*** Block opens ***

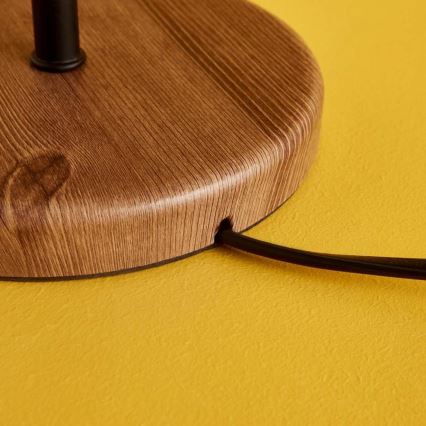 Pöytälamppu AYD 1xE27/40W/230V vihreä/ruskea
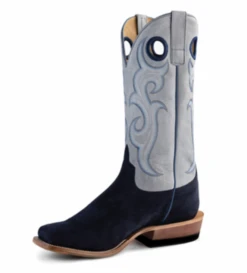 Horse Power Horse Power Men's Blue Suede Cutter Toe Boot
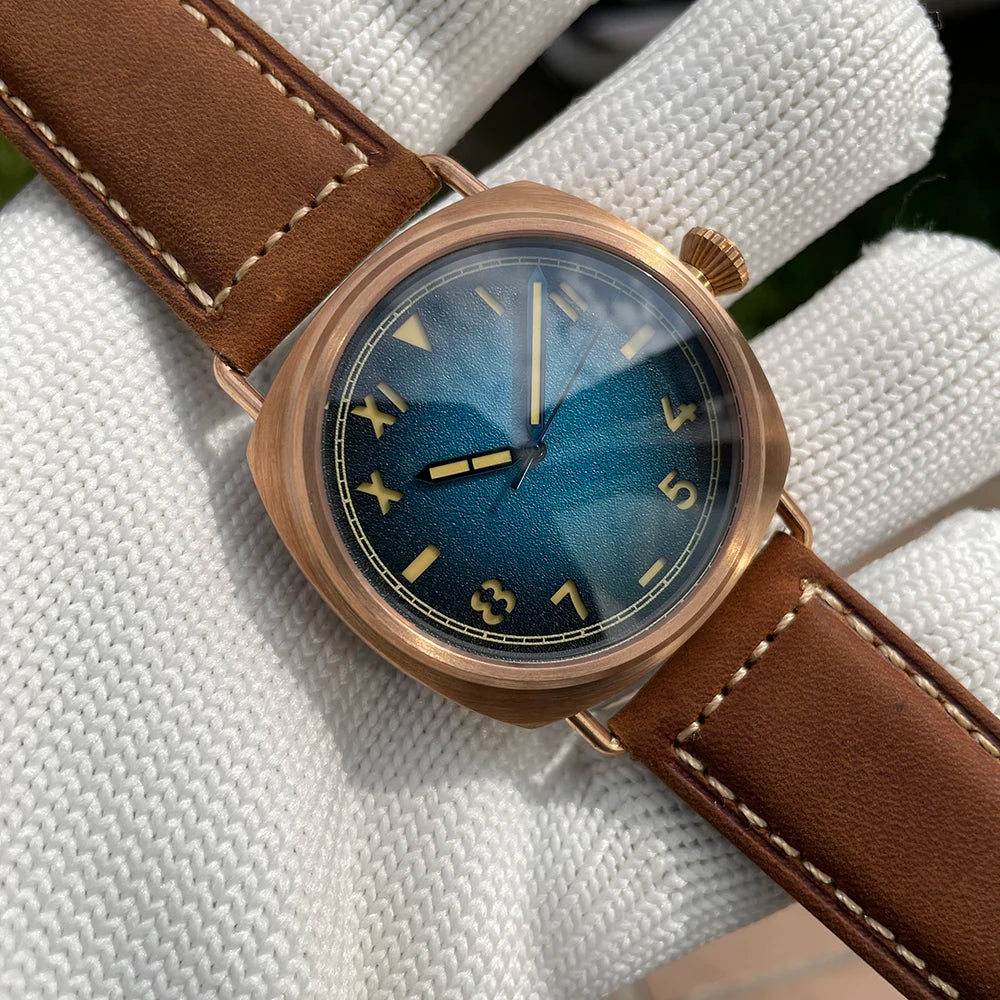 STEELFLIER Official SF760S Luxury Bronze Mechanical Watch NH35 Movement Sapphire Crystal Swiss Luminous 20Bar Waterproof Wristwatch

*** Block closes ***
*** Block opens ***

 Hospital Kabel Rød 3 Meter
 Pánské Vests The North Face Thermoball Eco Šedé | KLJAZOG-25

*** Block closes ***

Pictures aside, return exactly the lines from the data above, starting at the line that has "Pöytälamppu AYD 1xE27/40W/230V vihreä/ruskea" and ending at the line that has "STEELFLIER Official SF760S", both included.

> [Answer space]
 Pöytälamppu AYD 1xE27/40W/230V vihreä/ruskea
 Horse Power Horse Power Men's Blue Suede Cutter Toe Boot
 STEELFLIER Official SF760S Luxury Bronze Mechanical Watch NH35 Movement Sapphire Crystal Swiss Luminous 20Bar Waterproof Wristwatch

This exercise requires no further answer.